The required answer is the run of lines from the one holding "Njord, Azure Angel" to the end of the data below, copied exactly and free of pictures.

[Records from a collection]
....
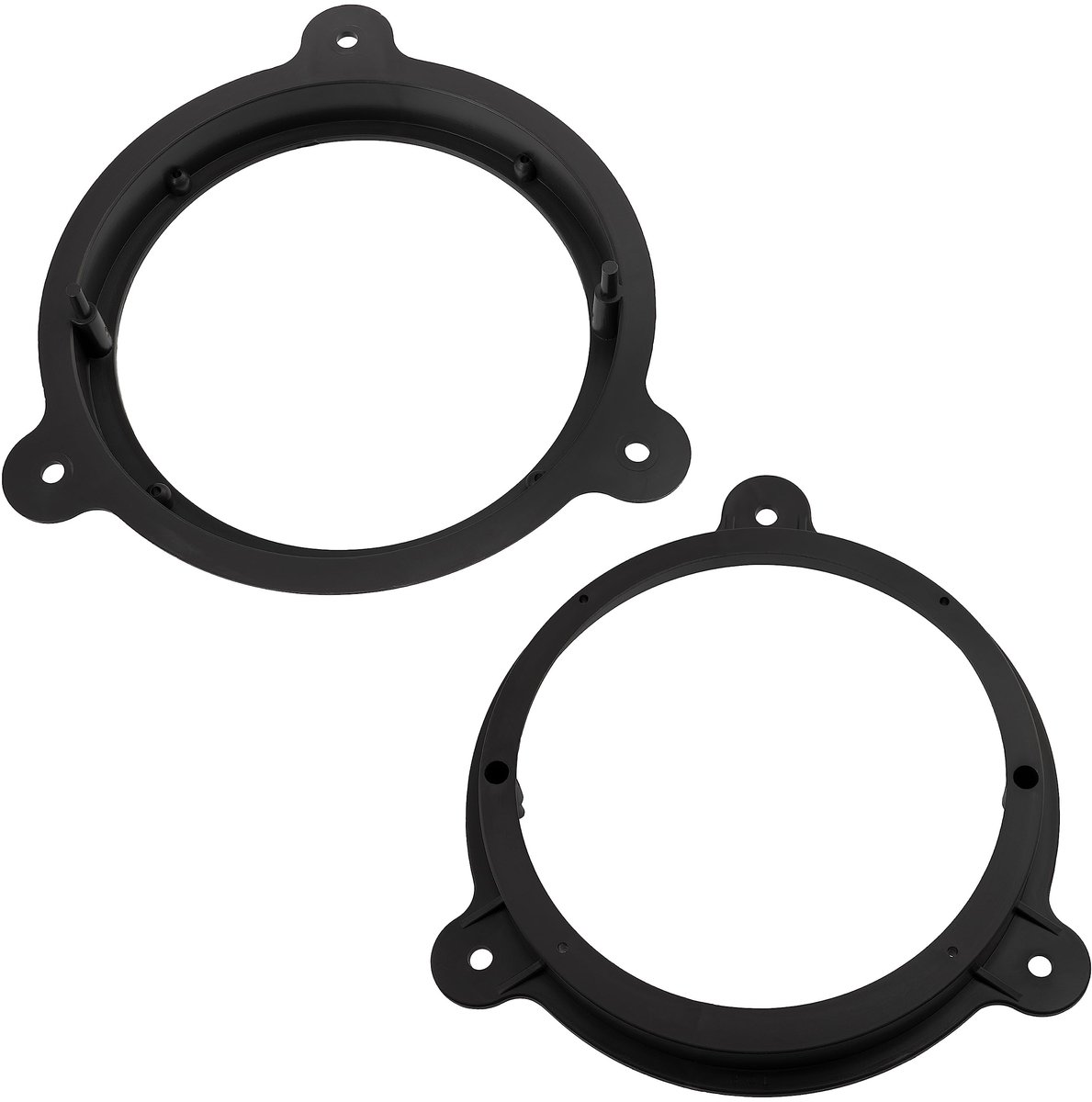 C11568 Set van 2 adapters/beugels voor autoluidsprekers Ø165 mm montagezijde voordeur compatibel met Dacia Dokker Lodgy Logan Sandero, Nissan Qashqai, Renault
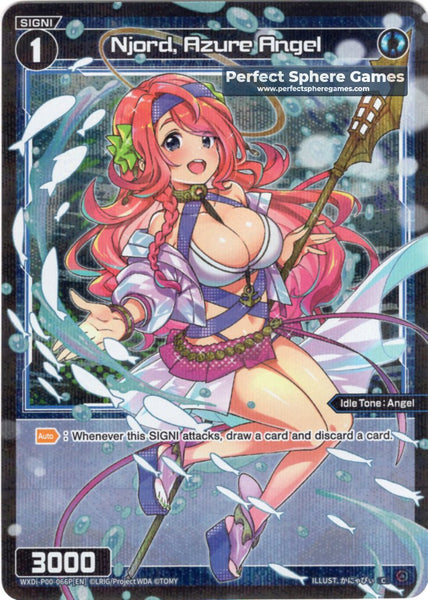 Njord, Azure Angel (Foil) - WXDi-P00-066P[EN]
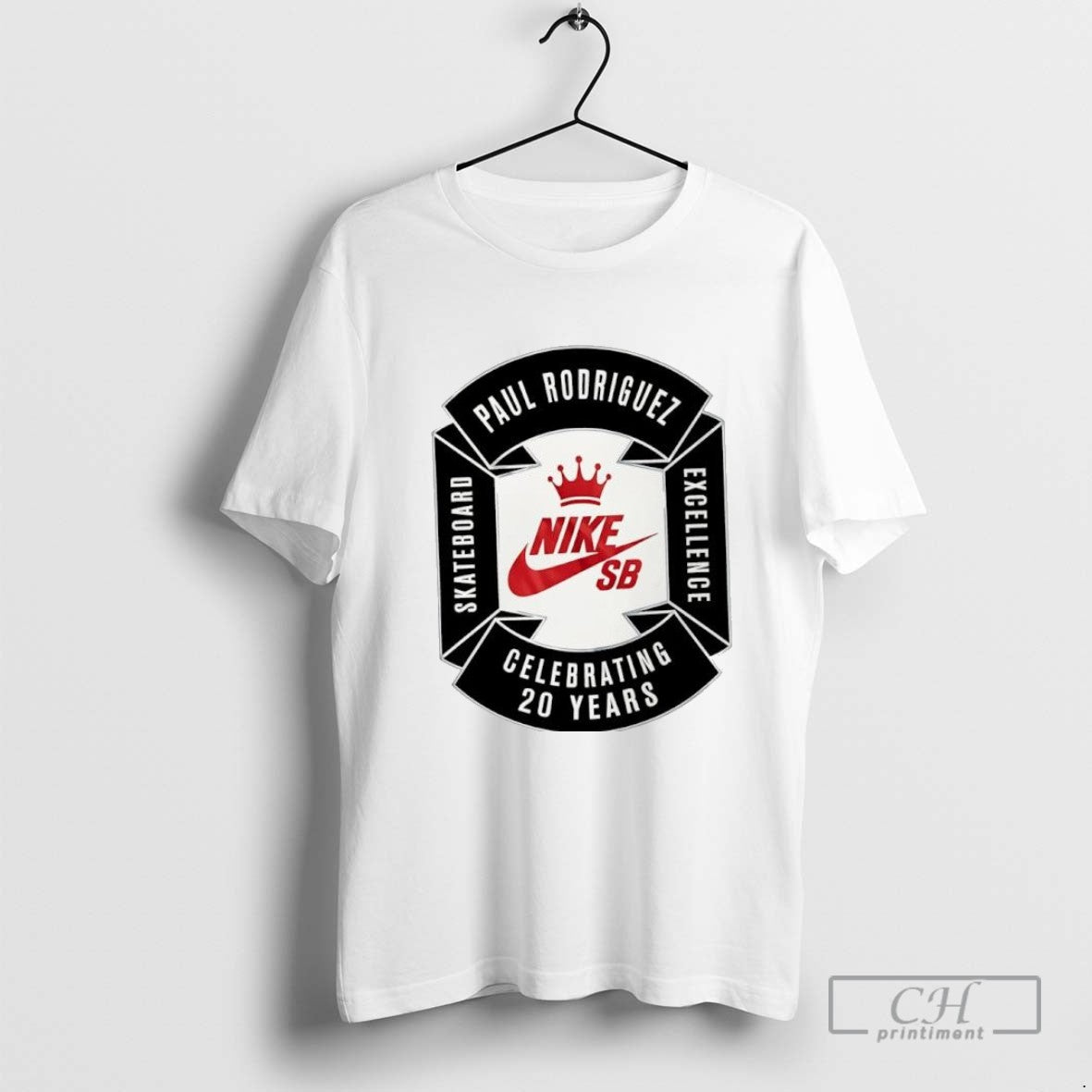 Sb Paul Rodriguez Skateboard Excellence Celebrating 20 Years Logo T Shirt Sweater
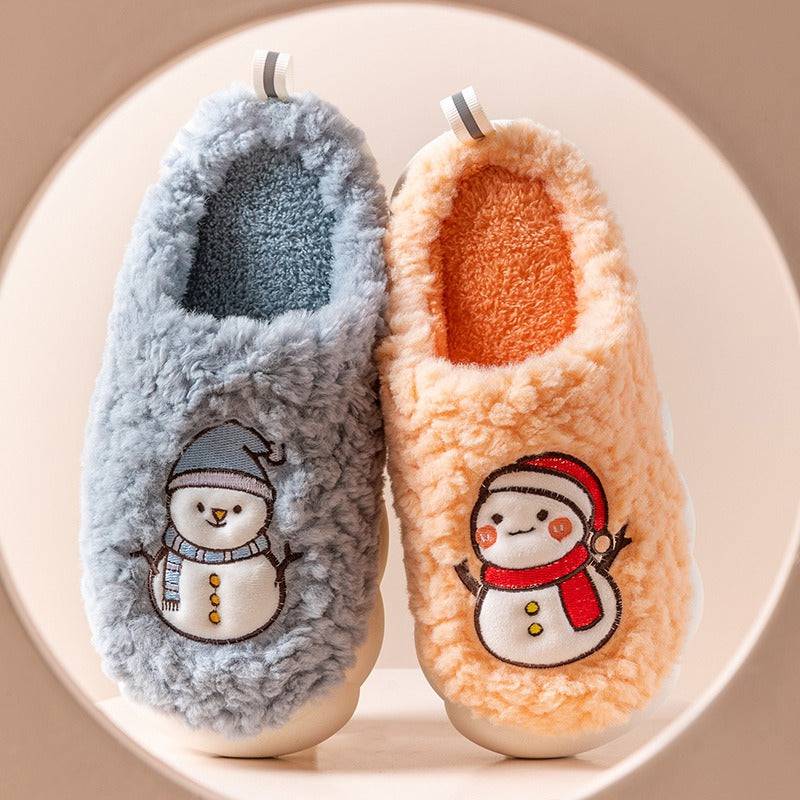 Cute Snowman Slippers Thick-Soled Anti-slip - Hot fashionista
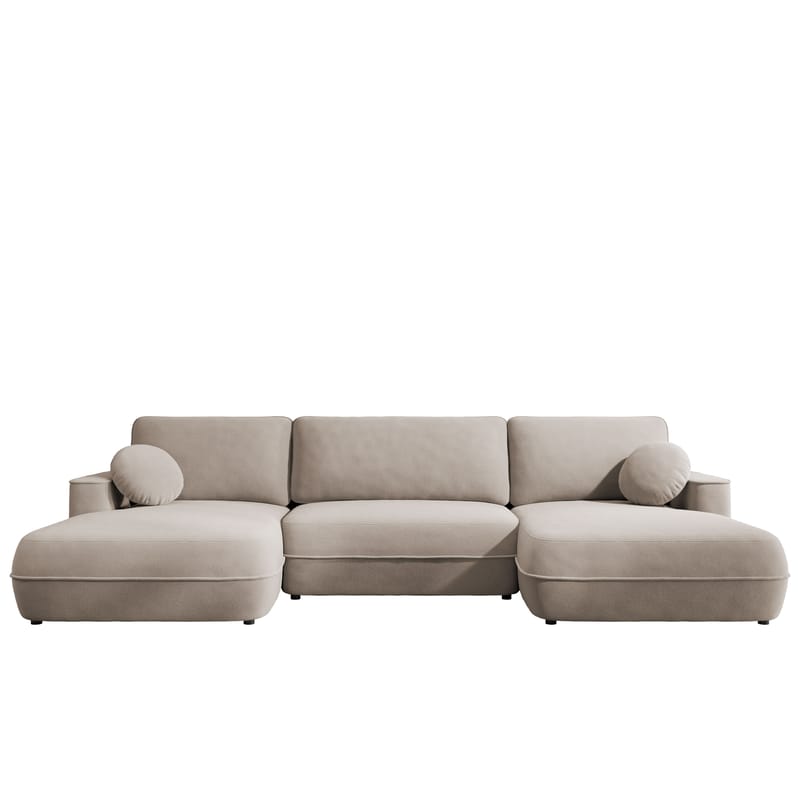 Uppland Sovesofa med dobbel sjeselong 5-seter, Beige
....
Solved exercise:
 Njord, Azure Angel (Foil) - WXDi-P00-066P[EN]
 Sb Paul Rodriguez Skateboard Excellence Celebrating 20 Years Logo T Shirt Sweater
 Cute Snowman Slippers Thick-Soled Anti-slip - Hot fashionista
 Uppland Sovesofa med dobbel sjeselong 5-seter, Beige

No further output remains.